Eventually 100 mA will flow but, in that short space of time when current is flowing down the cable and hasn't yet reached the load, how much current will be lowing from the 10 volt battery? If the characteristic impedance of the cable is 50 ohms then 200mA will flow and this represents a power of 2 watts (10 V x 200 mA). But this power cannot all be "consumed" by the 100 ohm resistor because it wants 100 mA at 10V. The excess power is reflected back from the load and back up the cable. Eventually things settle down but in the short space of time after the battery is applied it's a different story.
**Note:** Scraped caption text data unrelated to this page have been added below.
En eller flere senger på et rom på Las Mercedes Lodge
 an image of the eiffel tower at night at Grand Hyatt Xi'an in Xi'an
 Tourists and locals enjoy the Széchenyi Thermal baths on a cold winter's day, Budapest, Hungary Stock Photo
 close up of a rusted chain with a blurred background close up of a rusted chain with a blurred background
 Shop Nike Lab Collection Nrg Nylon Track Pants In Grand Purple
Characteristic impedance of the cable is defined by the cable's size and shape. This results in four parameters that define it's characteristic impedance Z\$_0\$: -

\$Z_0 = \sqrt{\dfrac{R+j\omega L}{G+j\omega C}}\$

Where

  • R is the series resistance per metre (or per unit length)
  • L is the series inductance per metre (or per unit length)
  • G is the parallel conductance per metre (or per unit length) and
  • C is the parallel capacitance per metre (or per unit length)

In audio/telephony spheres the cable characteristic impedance is usually approximated to: -

\$Z_0 = \sqrt{\dfrac{R}{j\omega C}}\$

This is reasonable up to about 100 kHz because series R is usually much bigger than \$j\omega L\$ and G is usually negligible.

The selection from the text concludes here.